▶ SOURCE DATA

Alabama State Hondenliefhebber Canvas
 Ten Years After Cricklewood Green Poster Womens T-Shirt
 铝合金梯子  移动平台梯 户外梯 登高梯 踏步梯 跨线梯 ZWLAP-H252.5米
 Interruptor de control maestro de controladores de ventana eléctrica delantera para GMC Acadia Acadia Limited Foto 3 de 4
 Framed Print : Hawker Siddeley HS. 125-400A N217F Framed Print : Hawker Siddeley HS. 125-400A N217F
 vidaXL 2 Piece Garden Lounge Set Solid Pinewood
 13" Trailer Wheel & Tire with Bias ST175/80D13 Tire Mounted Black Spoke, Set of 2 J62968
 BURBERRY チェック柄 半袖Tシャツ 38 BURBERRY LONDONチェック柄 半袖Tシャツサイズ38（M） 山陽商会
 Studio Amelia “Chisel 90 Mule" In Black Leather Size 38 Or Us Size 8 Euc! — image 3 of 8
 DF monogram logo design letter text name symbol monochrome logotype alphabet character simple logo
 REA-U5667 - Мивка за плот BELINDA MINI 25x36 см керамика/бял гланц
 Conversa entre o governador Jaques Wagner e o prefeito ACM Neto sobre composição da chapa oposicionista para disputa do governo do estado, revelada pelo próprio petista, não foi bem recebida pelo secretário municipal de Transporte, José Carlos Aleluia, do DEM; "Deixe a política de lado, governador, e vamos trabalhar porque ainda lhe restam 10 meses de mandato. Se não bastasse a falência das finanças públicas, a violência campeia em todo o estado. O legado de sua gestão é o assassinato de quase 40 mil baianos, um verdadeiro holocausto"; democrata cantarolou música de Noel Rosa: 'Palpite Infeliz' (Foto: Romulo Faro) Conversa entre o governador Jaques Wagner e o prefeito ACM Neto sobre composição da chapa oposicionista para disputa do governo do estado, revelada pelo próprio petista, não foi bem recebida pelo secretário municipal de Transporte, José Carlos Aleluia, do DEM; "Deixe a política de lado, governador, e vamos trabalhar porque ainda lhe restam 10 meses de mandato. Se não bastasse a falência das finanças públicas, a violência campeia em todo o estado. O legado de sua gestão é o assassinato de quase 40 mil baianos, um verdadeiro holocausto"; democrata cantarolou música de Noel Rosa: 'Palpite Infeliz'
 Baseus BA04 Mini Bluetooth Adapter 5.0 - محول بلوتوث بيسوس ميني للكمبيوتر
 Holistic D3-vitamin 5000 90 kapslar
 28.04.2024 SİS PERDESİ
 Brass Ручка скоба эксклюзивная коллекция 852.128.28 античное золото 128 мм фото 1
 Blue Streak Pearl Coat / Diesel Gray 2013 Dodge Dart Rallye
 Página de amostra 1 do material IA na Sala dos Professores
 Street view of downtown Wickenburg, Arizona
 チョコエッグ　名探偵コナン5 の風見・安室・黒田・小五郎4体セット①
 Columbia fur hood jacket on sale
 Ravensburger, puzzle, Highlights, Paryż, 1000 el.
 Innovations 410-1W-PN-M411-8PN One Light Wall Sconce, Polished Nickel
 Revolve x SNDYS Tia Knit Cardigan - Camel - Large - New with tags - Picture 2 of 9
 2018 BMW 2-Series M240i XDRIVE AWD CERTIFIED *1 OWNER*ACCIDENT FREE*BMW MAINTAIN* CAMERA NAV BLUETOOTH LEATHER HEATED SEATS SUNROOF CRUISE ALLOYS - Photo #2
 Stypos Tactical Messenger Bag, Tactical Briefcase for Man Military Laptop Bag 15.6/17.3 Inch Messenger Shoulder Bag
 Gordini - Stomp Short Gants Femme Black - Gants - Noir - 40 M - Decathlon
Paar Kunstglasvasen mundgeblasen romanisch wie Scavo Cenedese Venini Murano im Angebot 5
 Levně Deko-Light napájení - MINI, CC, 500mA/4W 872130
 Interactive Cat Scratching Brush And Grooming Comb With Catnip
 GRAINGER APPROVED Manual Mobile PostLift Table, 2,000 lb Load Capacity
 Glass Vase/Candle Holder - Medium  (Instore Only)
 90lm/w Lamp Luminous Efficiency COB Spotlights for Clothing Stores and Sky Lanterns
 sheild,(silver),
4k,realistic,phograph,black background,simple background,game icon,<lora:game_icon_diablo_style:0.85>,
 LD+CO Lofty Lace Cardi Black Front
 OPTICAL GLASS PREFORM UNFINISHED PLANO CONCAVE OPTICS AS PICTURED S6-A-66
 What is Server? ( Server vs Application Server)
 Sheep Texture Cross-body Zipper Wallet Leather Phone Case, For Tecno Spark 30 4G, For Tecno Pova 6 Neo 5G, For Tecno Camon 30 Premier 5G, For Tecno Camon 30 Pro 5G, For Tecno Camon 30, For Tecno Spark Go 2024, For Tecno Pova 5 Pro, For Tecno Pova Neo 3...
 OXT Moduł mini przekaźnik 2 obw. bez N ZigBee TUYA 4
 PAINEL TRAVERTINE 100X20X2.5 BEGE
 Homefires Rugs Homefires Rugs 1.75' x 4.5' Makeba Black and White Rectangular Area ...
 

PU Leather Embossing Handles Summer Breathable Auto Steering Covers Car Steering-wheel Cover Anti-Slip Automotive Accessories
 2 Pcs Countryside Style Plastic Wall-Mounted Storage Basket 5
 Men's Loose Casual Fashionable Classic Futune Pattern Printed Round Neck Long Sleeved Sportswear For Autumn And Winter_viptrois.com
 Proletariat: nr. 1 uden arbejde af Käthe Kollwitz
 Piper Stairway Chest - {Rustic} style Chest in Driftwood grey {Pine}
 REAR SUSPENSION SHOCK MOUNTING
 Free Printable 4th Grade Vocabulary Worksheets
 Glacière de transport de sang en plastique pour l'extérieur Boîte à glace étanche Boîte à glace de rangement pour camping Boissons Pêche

▶ TASK REQUIREMENTS
Each line above that carries the string "Mounted" has to be returned.

▶ SOLUTION TO THE EXERCISE
 13" Trailer Wheel & Tire with Bias ST175/80D13 Tire Mounted Black Spoke, Set of 2 J62968
 2 Pcs Countryside Style Plastic Wall-Mounted Storage Basket 5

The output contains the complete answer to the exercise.